Several strategies have been explored to overcome this unfortunate secondary effect. Ovarian stimulation and preservation of oocytes or embryos is an option, with the disadvantage that relatively few oocytes/embryos are preserved. Moreover, this option is far from ideal, given the delay caused to the initiation of cancer treatment while ovarian stimulation is carried out to retrieve oocytes, plus the potential contraindication of hormonal treatment and detrimental effect for some cancers. In addition, cryopreservation of embryos implies the existence of a partner, and the current success rate of oocyte cryopreservation is low (Porcu and Venturoli, 2006).

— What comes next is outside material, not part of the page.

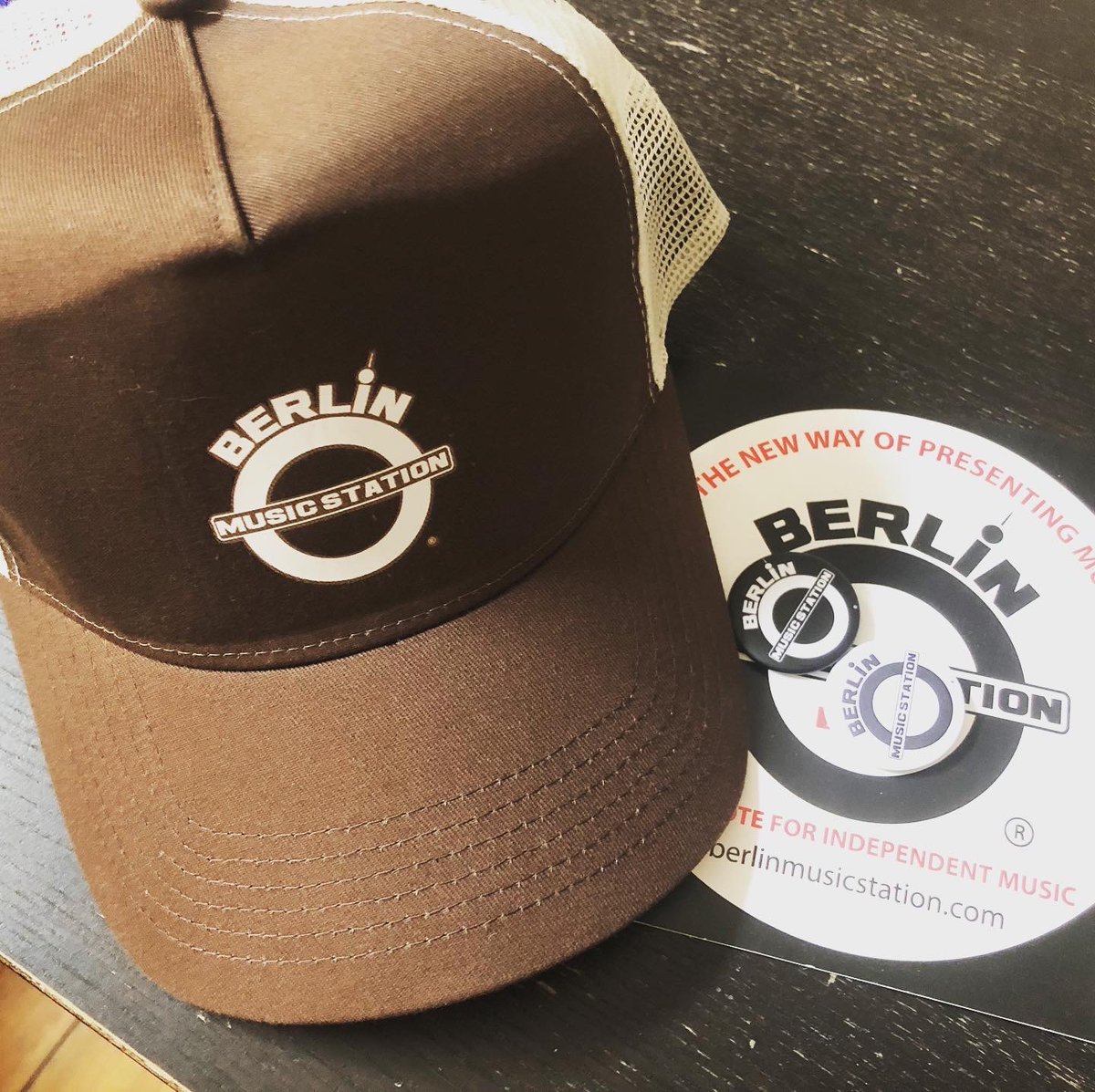 BerlinMusicStat's tweet photo. Finally: Our new merch line is now available to purchase online #bmsmerch https://t.co/almYza79N1 #music #artists #djs #bands #events #voting #indiemusic #singersongwriter #Entrepreneurship #community #merchandise #news #startup https://t.co/dmlWEvRvBH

A second strategy for preserving fertility in cancer patients is cryopreservation of ovarian tissue for later autotransplantation, which can be performed at a heterotopic or orthotopic site. Orthotopic transplantation is preferable in that it permits natural fertility using fresh (Silber et al., 2005) or frozen and thawed ovarian cortex (Donnez et al., 2004). When natural conception fails, IVF remains an option (Meirow et al., 2005). The report of the first three full-term pregnancies achieved with ovarian orthotopic transplantation has promoted its application (Donnez et al., 2004; Silber et al., 2005; Meirow et al., 2005). Nevertheless, it must be said that the long-term accumulated experience of ovarian grafting is as yet limited.
Ovarian cryopreservation has two drawbacks that limit its successful application: the cryopreservation procedure and ischaemic damage. Experimental evidence suggests that cryopreservation per se does not affect the long-term viability of ovarian tissue; in fact, a normal reproductive lifespan can be restored in mice through orthotopic grafting of a frozen ovary (Candy et al., 2000; Liu et al., 2002). Thus, the major hurdle represented by this technique is ischaemia and the follicular loss it can induce (Baird et al., 1999; Kim et al., 2004), with the subsequent detrimental effect caused to the pool of primordial follicles (Liu et al., 2002).
We hypothesized that, to minimize the risk of ischaemia, the ovarian medulla would be the most appropriate site for orthotopic ovarian cortex transplantation, as maintenance of the blood supply is assured by the ovarian artery and because of the role the medulla seems to play in follicular development (Burden, 1985; Lara et al., 1990) and steroidogenesis (Hsueh et al., 1984; Ojeda et al., 1989).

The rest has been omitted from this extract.